Although § 212(c) of the Immigration and Naturalization Act (INA), 8 U.S.C. § 1182(c) (1994), has been repealed, the government does not contend that petitioner is ineligible for a discretionary waiver on that basis. According to the government, under the Supreme Court's decision inINS v. St. Cyr, 533 U.S. 289, 121 S.Ct. 2271, 150 L.Ed.2d 347 (2001), aliens in removal proceedings may, in some circumstances, "still be eligible for waiver of deportation pursuant to INA § 212(c), despite its repeal in 1999." Brief for Respondent at 7 n. 3.

2

Because the underlying exclusion proceedings commenced before April 1, 1997, and concluded after October 30, 1996, our review of the BIA's order is governed by the transitional rules of the Illegal Immigration Reform and Immigrant Responsibility Act of 1996 (IIRIRA)See Fisher v.
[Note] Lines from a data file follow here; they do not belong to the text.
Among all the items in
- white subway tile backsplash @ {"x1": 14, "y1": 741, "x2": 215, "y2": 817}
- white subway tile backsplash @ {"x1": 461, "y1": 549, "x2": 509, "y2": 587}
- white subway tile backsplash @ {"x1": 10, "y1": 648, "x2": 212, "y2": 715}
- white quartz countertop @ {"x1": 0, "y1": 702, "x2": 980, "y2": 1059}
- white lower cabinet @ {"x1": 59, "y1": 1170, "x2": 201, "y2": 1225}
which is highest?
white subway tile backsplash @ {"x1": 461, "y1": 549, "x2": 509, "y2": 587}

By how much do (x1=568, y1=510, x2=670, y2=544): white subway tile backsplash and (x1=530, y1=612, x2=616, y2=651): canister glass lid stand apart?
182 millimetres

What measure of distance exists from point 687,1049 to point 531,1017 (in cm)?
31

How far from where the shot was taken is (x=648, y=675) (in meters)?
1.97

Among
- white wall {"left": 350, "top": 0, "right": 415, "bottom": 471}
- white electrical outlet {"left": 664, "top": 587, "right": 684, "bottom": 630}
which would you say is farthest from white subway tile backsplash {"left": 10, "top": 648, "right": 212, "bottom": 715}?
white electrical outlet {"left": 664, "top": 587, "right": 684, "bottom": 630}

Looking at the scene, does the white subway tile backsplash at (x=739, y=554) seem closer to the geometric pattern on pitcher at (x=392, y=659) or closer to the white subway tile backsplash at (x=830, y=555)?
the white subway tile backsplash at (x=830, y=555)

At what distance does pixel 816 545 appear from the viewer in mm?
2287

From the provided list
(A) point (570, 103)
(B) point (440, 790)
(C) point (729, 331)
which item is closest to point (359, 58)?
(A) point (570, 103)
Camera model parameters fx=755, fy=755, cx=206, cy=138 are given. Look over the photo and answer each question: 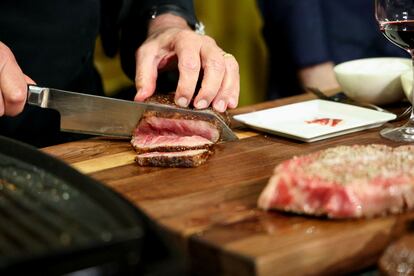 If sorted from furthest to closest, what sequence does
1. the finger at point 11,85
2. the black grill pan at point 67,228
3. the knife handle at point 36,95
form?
the knife handle at point 36,95 < the finger at point 11,85 < the black grill pan at point 67,228

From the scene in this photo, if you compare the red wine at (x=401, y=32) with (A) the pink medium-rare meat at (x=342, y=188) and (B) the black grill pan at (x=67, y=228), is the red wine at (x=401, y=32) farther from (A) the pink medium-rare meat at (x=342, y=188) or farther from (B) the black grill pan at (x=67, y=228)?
(B) the black grill pan at (x=67, y=228)

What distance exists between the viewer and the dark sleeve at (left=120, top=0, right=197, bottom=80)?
263cm

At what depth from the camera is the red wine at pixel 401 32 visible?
193 centimetres

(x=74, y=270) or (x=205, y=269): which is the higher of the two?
(x=74, y=270)

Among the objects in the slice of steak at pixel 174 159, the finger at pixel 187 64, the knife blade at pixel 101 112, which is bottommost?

INS, 291 F.3d 491, 496 (8th Cir.2002). Under those transitional rules, petitioner had 30 days from the date of the final order of exclusion or deportation in which to file her notice of petition for review. See, e.g., Ibrik v. INS, 108 F.3d 596, 597 (5th Cir.1997) (per curiam) (explaining operation of transitional rules with respect to time in which to file petition for review).

3

The thirtieth day after the denial of the motion to reconsider fell on a Saturday. Consequently, the relevant date for filing purposes was the following Monday, January 13, 2003See Fed. R.App. P. 26(a)(3).